Students from six colleges and universities presented original scholarly work

Trinity College hosted the first CTW Undergraduate Symposium in the Arts and Humanities on Saturday, November 10, showcasing scholarly work by students from the three partner institutions; Connecticut College, Trinity College, and Wesleyan University. Selected students from the University of Hartford, the University of St. Joseph, and the University of Connecticut were also among those who presented papers during panels organized by subject matter.

Students give presentations
Students gave presentations during panels organized according to themes, with moderators facilitating conversations.

Julia Goesser Assaiante, a lecturer in language and culture studies at Trinity, was involved in collaborating with other faculty members and administrators in developing ideas for a grant proposal submitted to the Andrew W. Mellon Foundation in fall 2017. Included in the institutional Mellon grant that was awarded to Trinity was funding to host an undergraduate arts and humanities symposium for three years, with each year’s symposium held at a different partner institution. “My goal in organizing this symposium was to show our students in the arts and humanities that their work is important outside the context of their courses, and also beyond the context of Trinity College itself,” Assaiante said.

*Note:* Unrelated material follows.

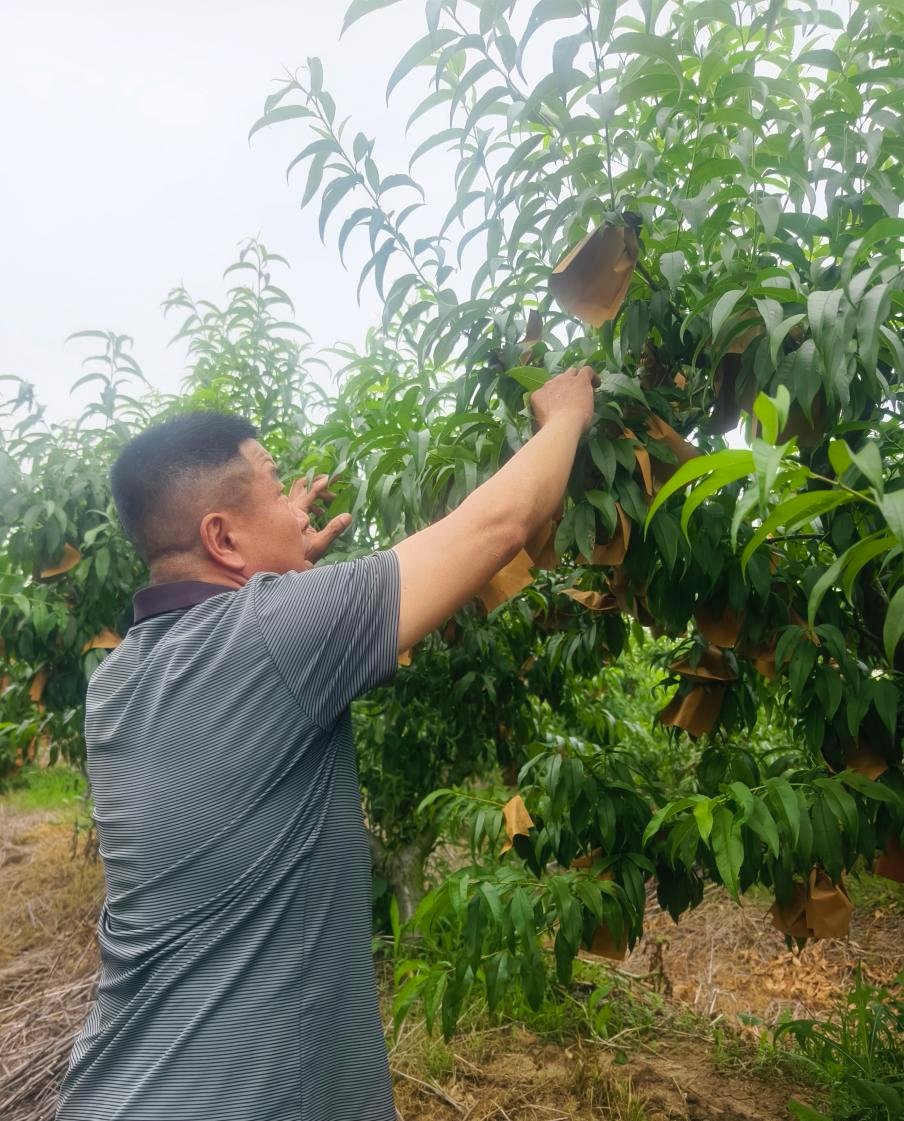 rami_saci tweet media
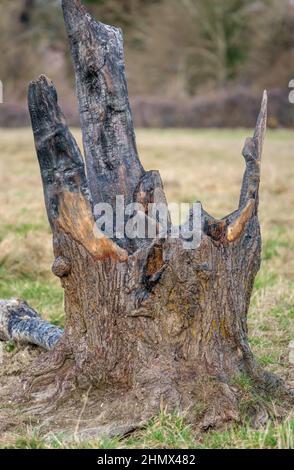 bruciò fuori ceppo dell'albero del carbone rimane dopo un colpo di fulmine Foto Stock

Trinity College Dean of the Faculty and Vice President for Academic Affairs Tim Cresswell
Trinity College Dean of the Faculty and Vice President for Academic Affairs Tim Cresswell welcomed students from several colleges and universities to the CTW Undergraduate Symposium in the Arts and Humanities.

The daylong symposium began with opening remarks by Dean of the Faculty and Vice President for Academic Affairs Tim Cresswell, who emphasized the importance of the humanities in the broader world. “It’s great to see so many humanists gather together to share knowledge, wonder, and imagination… and to practice empathy, close reading, and critical thinking collectively,” he said.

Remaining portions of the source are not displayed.